Announced on September 20, 2013, The EPA's first proposal — Carbon Pollution Standard for New Power Plants — addressed carbon dioxide emissions for new power plants, specifying how many tons could be emitted by each plant per megawatt-hour. Natural gas plants could emit up to 1,000 pounds per megawatt-hour, and coal plants could emit up to 1,100 pounds per megawatt-hour. The coal limit is not achievable without carbon capture and storage technology, which the EPA considers to be commercially available. However, it is not in operation in any U.S. power plant. It is planned for Southern Company's Kemper Plant in Mississippi, but that plant has faced extensive cost overruns and its start-up was postponed from May to December.
The EPA's newest proposal, the Clean Power Plan, issued on June 2, addresses carbon dioxide emissions for existing plants, but not on a plant-by-plant basis. Instead, it assigns a target emissions rate to each state; the states can choose how to meet the goals by 2030.
Although this sounds more flexible than the first proposal, the industry claims that it, too, is unattainable. This is according to Robert Varela, editorial director for the American Public Power Association, the industry organization for municipal utilities.
For many power providers, coal plants are vital assets. Each one represents an investment of hundreds of millions or billions of dollars. They are long-term investments, too: Today's U.S. coal plants are 42 years old on average, according to the EPA. Thirty years is the typical coal plant lifetime, as calculated in the payoffs of loans used to build them. So most U.S. coal plants are old, but would be expensive to replace.
The plants' importance transcends money, though.
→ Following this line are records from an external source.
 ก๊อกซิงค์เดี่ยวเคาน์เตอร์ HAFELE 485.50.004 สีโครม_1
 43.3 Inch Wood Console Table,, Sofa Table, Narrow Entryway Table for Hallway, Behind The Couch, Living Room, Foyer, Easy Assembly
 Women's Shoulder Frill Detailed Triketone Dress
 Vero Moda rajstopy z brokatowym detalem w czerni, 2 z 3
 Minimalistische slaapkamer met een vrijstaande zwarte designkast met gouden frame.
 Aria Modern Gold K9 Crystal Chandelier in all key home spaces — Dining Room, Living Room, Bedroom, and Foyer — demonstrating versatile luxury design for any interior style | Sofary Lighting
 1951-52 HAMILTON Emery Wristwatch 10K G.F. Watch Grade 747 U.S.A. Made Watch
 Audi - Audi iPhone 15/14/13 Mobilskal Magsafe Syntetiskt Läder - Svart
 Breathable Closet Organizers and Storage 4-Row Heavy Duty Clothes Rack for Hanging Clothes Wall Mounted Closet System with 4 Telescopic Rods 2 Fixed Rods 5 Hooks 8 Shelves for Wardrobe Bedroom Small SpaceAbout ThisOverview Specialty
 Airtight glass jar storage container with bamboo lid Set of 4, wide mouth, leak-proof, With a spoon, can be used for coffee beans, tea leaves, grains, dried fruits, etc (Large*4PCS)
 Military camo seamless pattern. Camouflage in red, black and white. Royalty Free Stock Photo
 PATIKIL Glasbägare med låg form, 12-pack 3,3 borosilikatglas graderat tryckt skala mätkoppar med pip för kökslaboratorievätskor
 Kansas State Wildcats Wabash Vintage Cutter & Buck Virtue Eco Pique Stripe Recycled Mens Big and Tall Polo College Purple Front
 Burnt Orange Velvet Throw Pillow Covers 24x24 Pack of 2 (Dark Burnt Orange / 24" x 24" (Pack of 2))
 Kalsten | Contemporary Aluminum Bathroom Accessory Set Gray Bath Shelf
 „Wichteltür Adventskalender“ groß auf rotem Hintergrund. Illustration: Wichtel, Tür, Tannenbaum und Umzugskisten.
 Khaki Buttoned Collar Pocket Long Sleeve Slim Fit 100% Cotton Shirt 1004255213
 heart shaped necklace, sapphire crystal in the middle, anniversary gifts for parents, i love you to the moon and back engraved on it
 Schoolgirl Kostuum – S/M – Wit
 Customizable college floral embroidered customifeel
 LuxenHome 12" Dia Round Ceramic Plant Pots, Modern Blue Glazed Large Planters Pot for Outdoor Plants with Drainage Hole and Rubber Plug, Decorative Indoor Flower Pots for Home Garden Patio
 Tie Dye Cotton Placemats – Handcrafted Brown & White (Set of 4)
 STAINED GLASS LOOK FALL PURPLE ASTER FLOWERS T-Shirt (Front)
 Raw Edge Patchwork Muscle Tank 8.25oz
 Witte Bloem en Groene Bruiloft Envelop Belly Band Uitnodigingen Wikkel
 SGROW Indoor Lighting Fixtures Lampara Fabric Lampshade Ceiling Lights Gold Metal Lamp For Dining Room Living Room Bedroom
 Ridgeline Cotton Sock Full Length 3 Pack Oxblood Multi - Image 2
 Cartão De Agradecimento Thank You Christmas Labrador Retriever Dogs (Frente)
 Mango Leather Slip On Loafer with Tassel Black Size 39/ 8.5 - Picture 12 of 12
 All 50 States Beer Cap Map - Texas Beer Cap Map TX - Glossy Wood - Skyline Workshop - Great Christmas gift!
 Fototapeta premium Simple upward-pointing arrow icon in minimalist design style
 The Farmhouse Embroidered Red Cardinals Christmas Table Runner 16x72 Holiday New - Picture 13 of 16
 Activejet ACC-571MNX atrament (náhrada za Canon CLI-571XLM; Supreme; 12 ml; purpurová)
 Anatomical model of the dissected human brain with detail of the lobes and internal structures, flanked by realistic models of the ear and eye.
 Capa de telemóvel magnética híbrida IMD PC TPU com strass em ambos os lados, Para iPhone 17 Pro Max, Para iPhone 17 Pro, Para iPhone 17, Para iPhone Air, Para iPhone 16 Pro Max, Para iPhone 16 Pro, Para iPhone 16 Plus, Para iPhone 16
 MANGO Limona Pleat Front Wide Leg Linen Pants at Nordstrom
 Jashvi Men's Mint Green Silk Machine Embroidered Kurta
For most of the 20th century, they generated most of the country's "baseload" power — the vital, always available kind that lets you flip the lights on around the clock. For the most part, they still do, although natural gas is making inroads as a baseload power fuel. According to the Energy Information Administration, the Department of Energy's data collection and analysis unit, coal accounted for 43 percent of the nation's electric power in 2013, while natural gas supplied 22 percent of electric power.
Coal is essentially always used for baseload power, whereas natural gas may be used for baseload, intermediate, or peaking power — and the same plant may be used for different functions at various times, depending on needs. Thus, while the precise percent of baseload power produced by natural gas isn't available, it obviously produces much less than coal does.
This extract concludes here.